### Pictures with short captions
^^^^^^^^^^^^^^^^

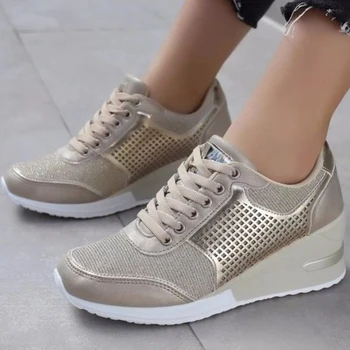 Kadın takozlar platformu Sneakers sonbahar moda yuvarlak kafa eğitmenler Lace Up Casual koşu vulkanize ayakkabı eğitmenler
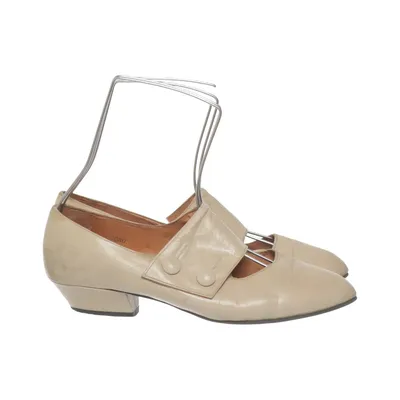 Hoge hakken (Beige) van Pertti Palmroth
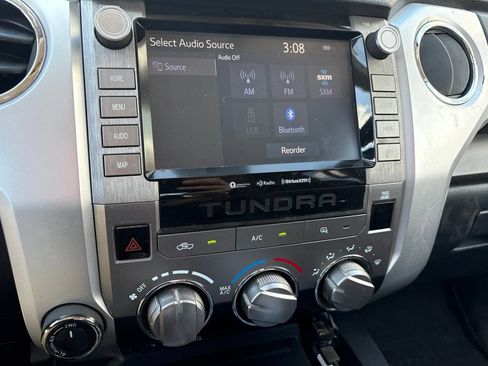 Used 2021 Toyota Tundra SR5 w/ SR5 Upgrade Package AWD/4WD image 15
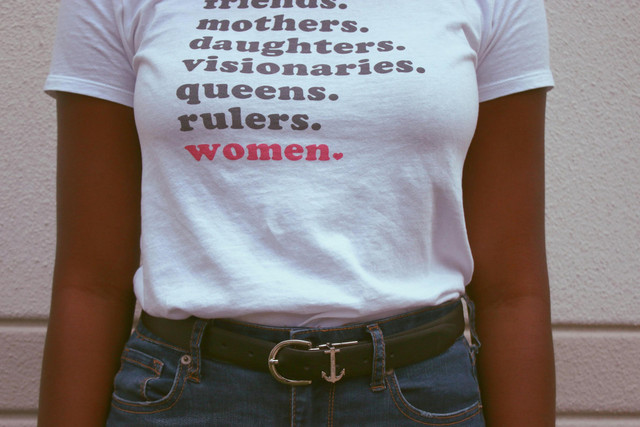 Women Empowerment. Sumber: https://www.pexels.com/photo/woman-wearing-white-t-shirt-and-blue-denim-bottoms-1564149/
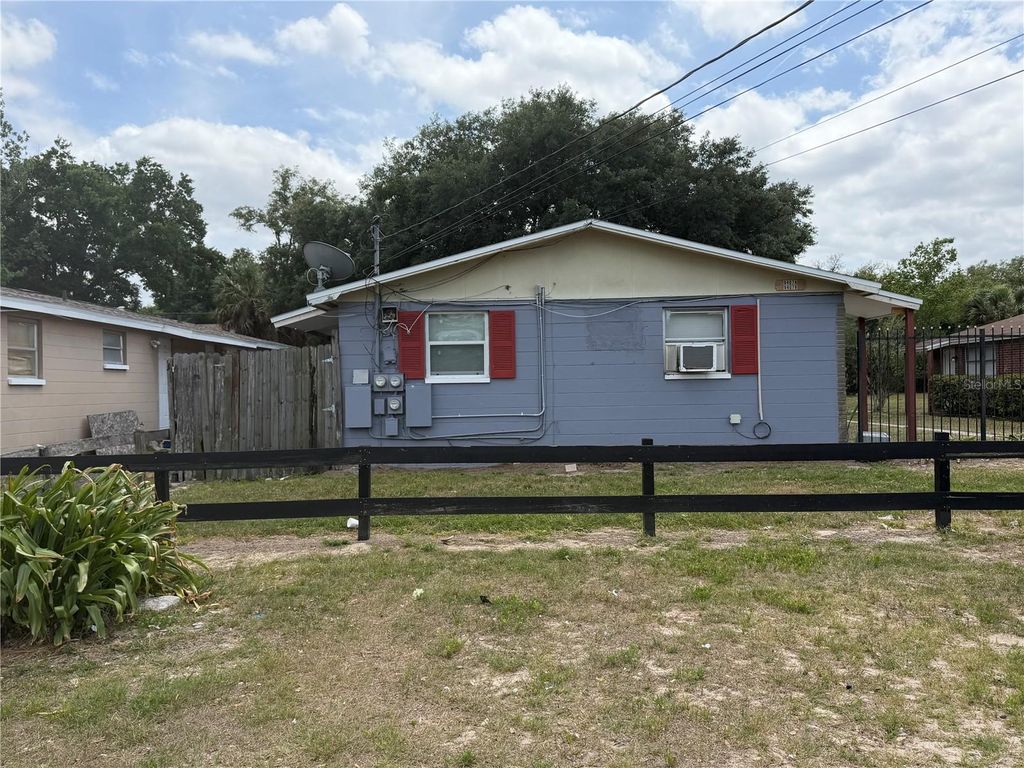 Photo of 9407 Grandfield Road, Thonotosassa, FL 33592 (MLS # TB8500030)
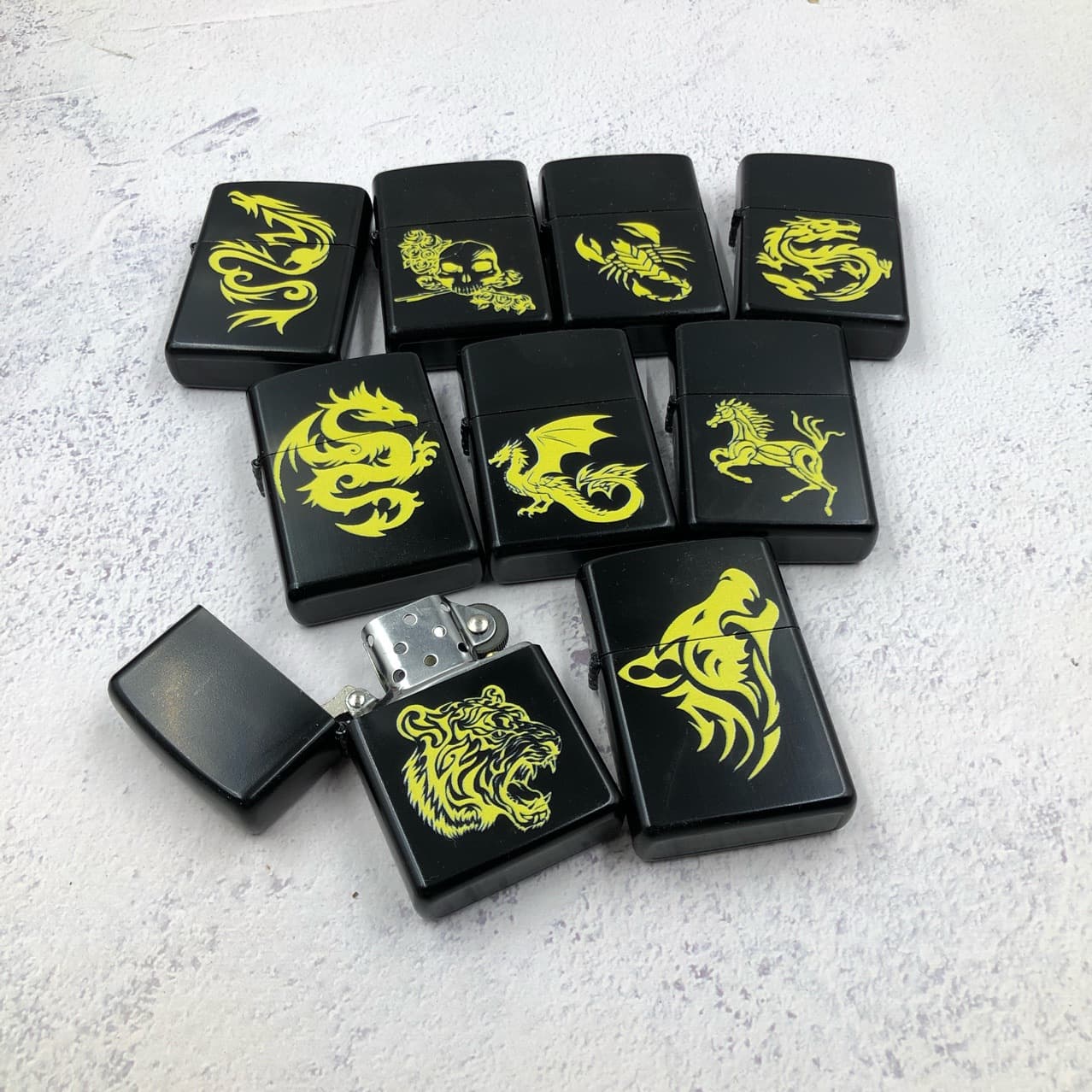 Retro totem kerosene lighter black paint cross-border advertising lettering gift lighter manufacturer wholesale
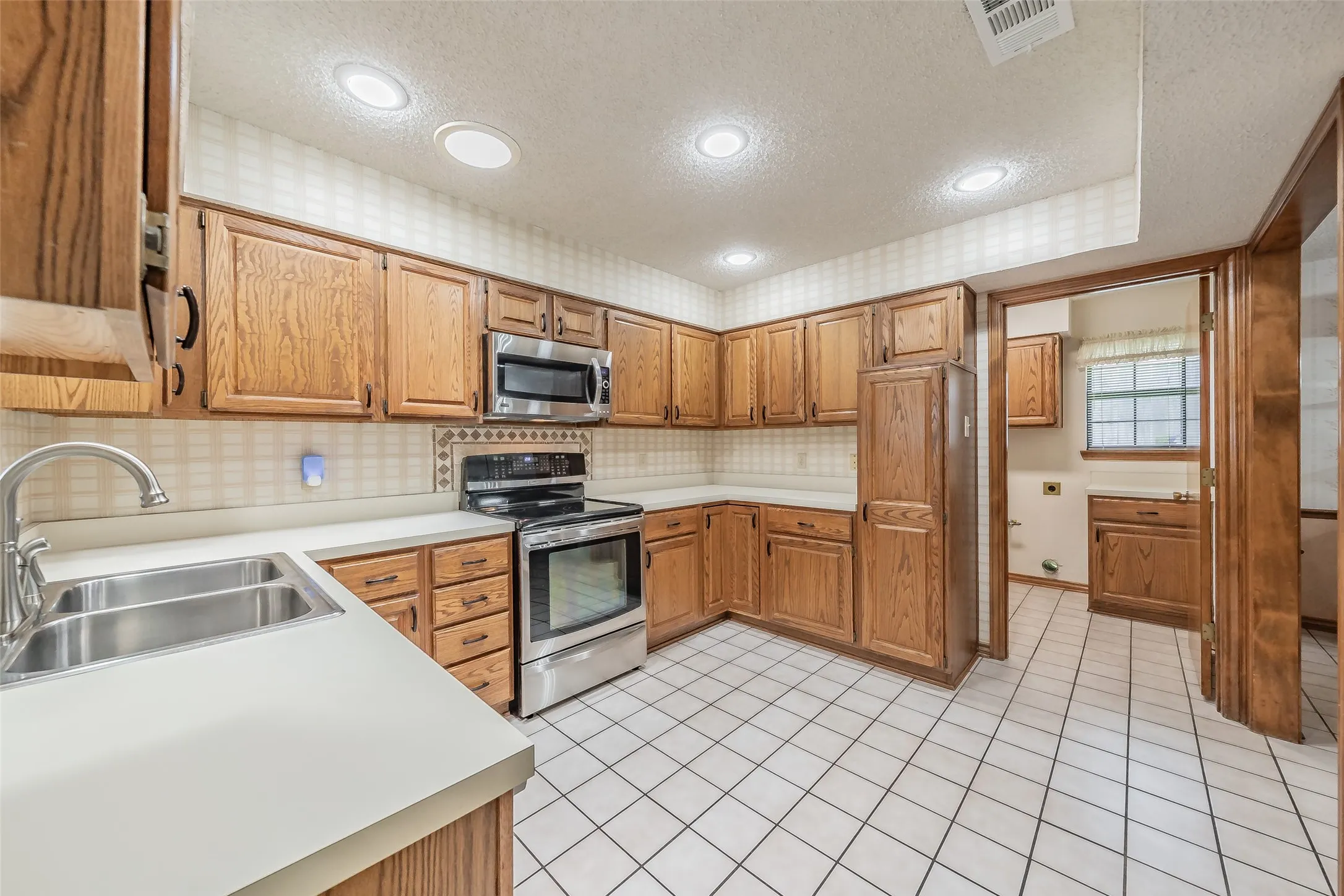 Single Family Residence For Sale in Dallas County , 2520 Pecan Grove Court, Irving, Texas 75060, 3 Bedroom, 2 Bathroom, 2 Garage spaces, 1,809 Sqft, built in 1985, mls#21315973, Real Estate Agent in Irving, Homes For Sale in Dallas county, Homes For Sale in Irving, Realtor in Irving Texas, Real Estate Brokerage Independent Realty Texas, Luminita Cordes Realtor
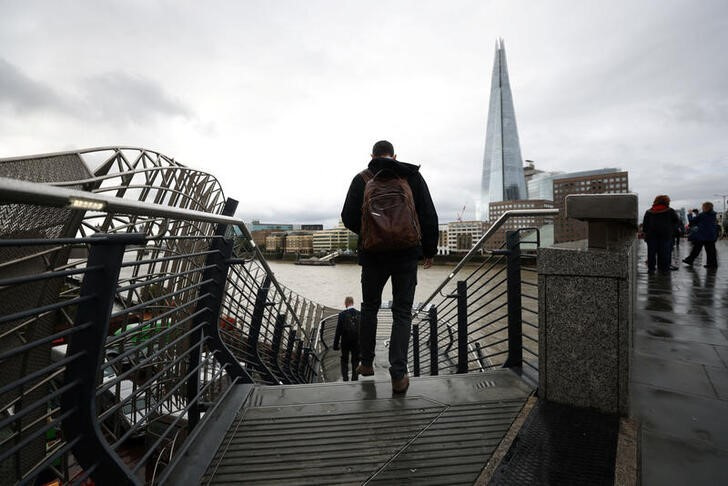 © Reuters. Commuters cross London Bridge in London, Britain August 2, 2023. REUTERS/Hollie Adams/files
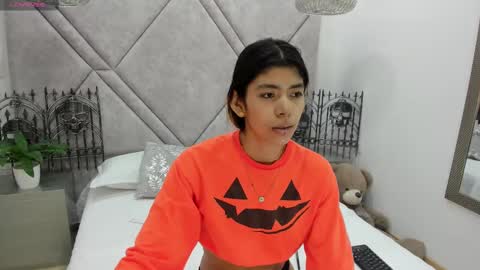 Lyxi online show from 10/01/25, 11:27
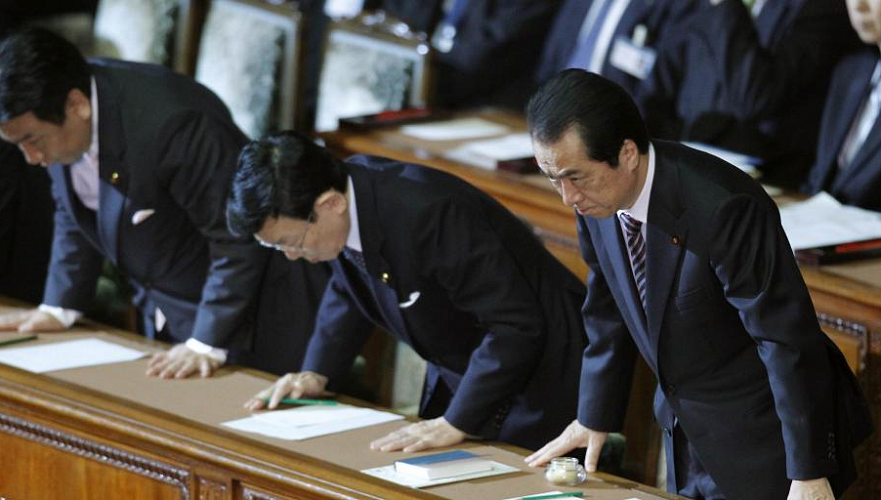 Синдзо Абэ распустил правительство Японии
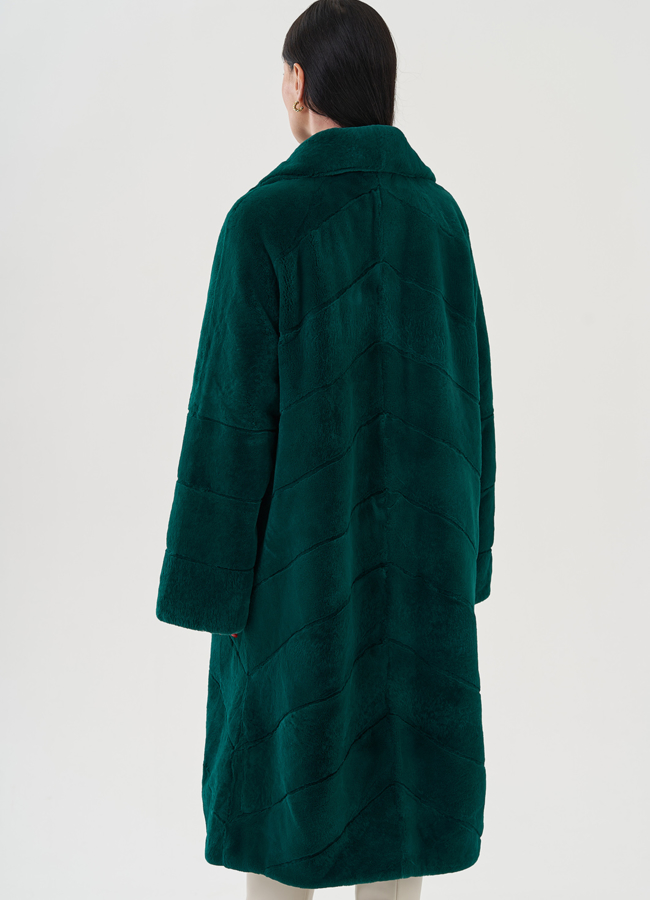 Шуба из кролика в зеленом цвете модель № 24799 в кредит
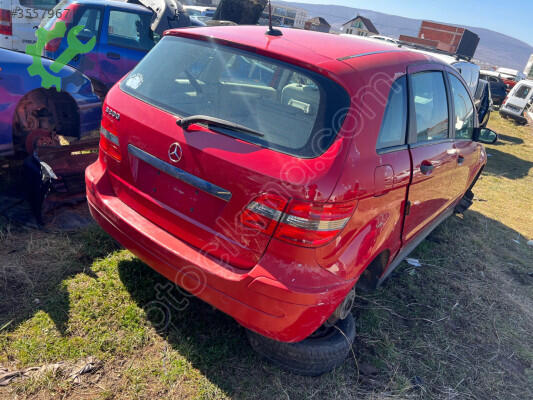 Mercedes-Benz C Serisi Torpido çıkma parça
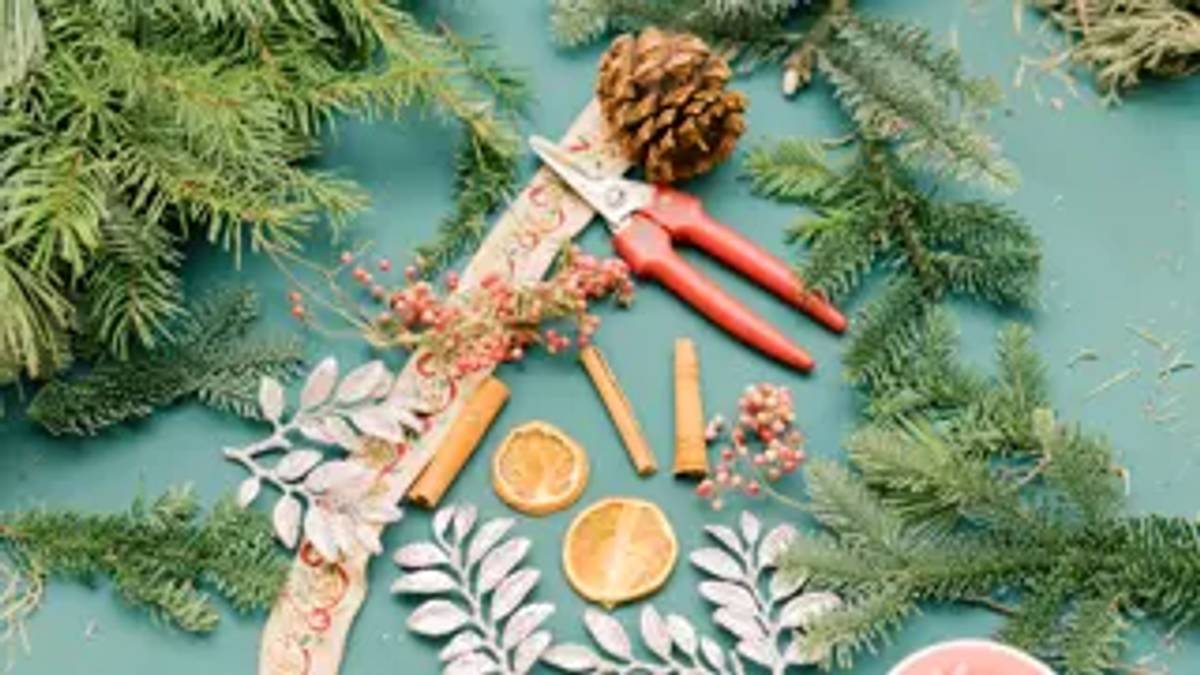Flora Party: Holiday Wreaths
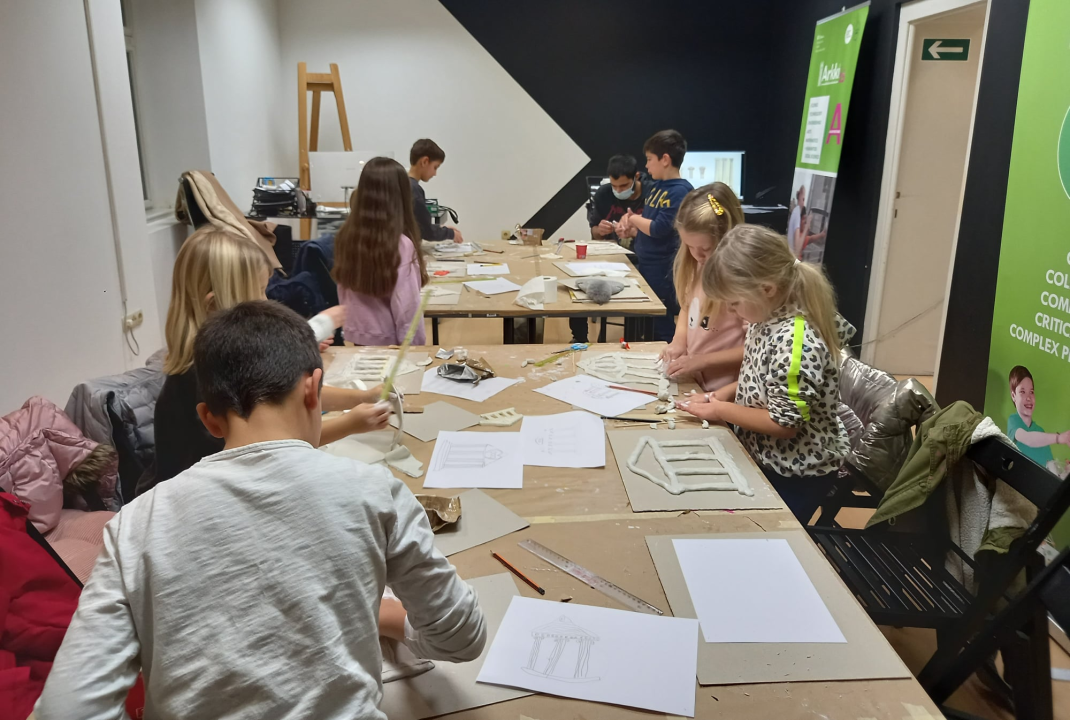 Upoznajte djecu s radom Arkki škole ovu nedjelju na radionici 'Pročelje hrama'!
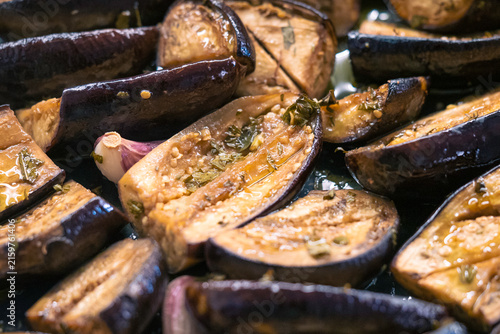 Bild auf Leinwand Melanzane al forno morbide e dorate, un invitante sapore di cucina mediterranea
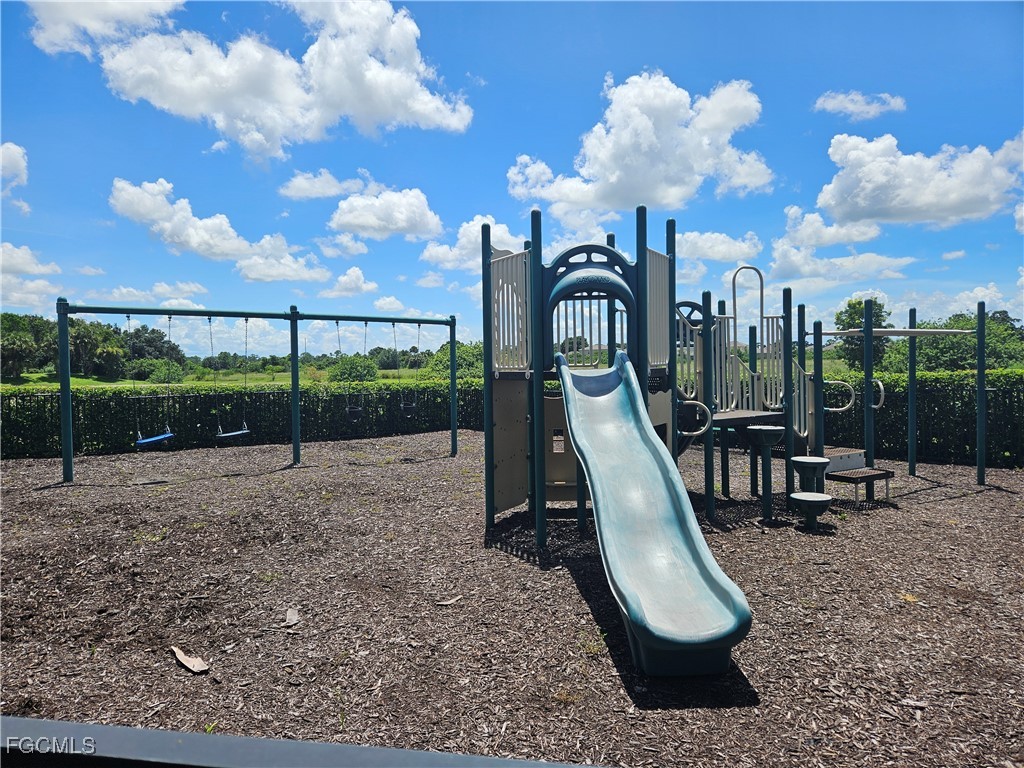 10517 Canal Brook Lane Lehigh Acres FL 33936 2025005611 image18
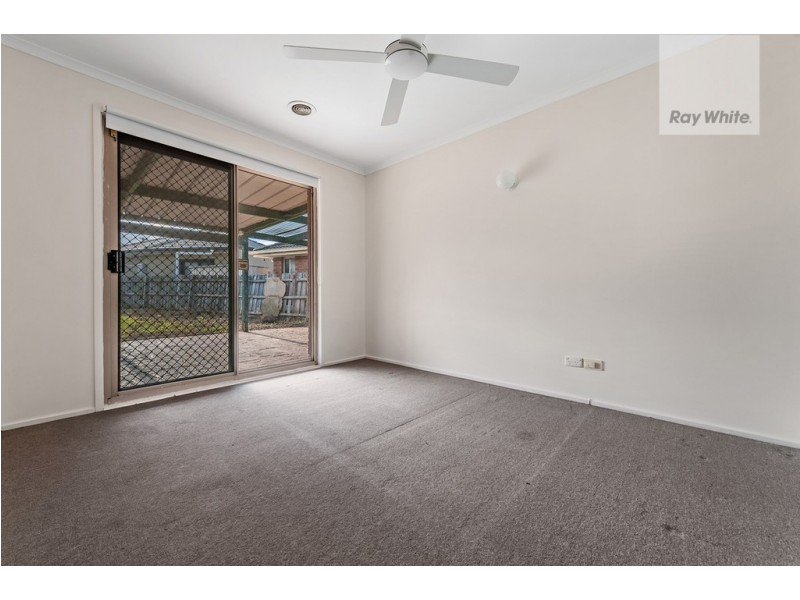 54 Gillingham Crescent, Craigieburn VIC 3064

^^^^^^^^^^^^^^^^

### Task item
Could you set down exactly, and only, the lines from the line containing "Шуба из кролика" through the last line of the records, both included, without the pictures?

### Output for this exercise
 Шуба из кролика в зеленом цвете модель № 24799 в кредит
 Mercedes-Benz C Serisi Torpido çıkma parça
Flora Party: Holiday Wreaths
 Upoznajte djecu s radom Arkki škole ovu nedjelju na radionici 'Pročelje hrama'!
 Bild auf Leinwand Melanzane al forno morbide e dorate, un invitante sapore di cucina mediterranea
 10517 Canal Brook Lane Lehigh Acres FL 33936 2025005611 image18
 54 Gillingham Crescent, Craigieburn VIC 3064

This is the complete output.